The actual number of people who are using the medicine could be larger than this because it may have been sold after that period, Ritzau writes.

Multi-resistant bacteria are resistant to treatment with several types of antibiotic.

CPO or carbapenemase-producing organisms are a group of bacteria that are resistant to several different types of antibiotics. They can be difficult to treat, according to information from the Danish Health Authority.

The risk of becoming seriously ill due to CPO is low for a healthy person, but people who are already ill or vulnerable can be at increased risk.

Infection with multiresistant bacteria can also mean all future hospital treatments for the affected person must be given in isolated rooms, so the bacteria are not passed on to other patients.

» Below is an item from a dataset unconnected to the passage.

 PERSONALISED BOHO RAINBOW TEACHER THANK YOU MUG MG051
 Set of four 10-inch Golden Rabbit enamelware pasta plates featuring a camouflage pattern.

That could have serious consequences at Danish hospitals where capacity is already under strain, according to Justesen.

“That would increase the strain on a health system that is already severely strained,” he said.

Medicines of this type are produced under highly controlled conditions, which makes the discovery even more extraordinary, he explained.

“We don’t study medicines daily to see whether there are bacteria in them. But this is a bacteria that behaves so strangely that we immediately notice it,” he said.

Although the detection of the bacteria is concerning, the professor in microbiology said finding it was also reassuring in some way.

“We were also relieved that we could do something about it and get it stopped so we didn’t have to look around for many months for a source and know it was spreading in the community,” he said.

Manufacturer Sandoz has recalled all Dicillin packets and patients have been advised to return it to pharmacies to be replaced. Patients do not need to obtain a new prescription from their doctor.

“It’s important that you don’t stop your treatment if you are taking antibiotics. So patients to take 500mg Dicillin from Sandoz should go to their pharmacy to get a different, equivalent preparation,” the Danish Medicines Agency said in Monday’s statement.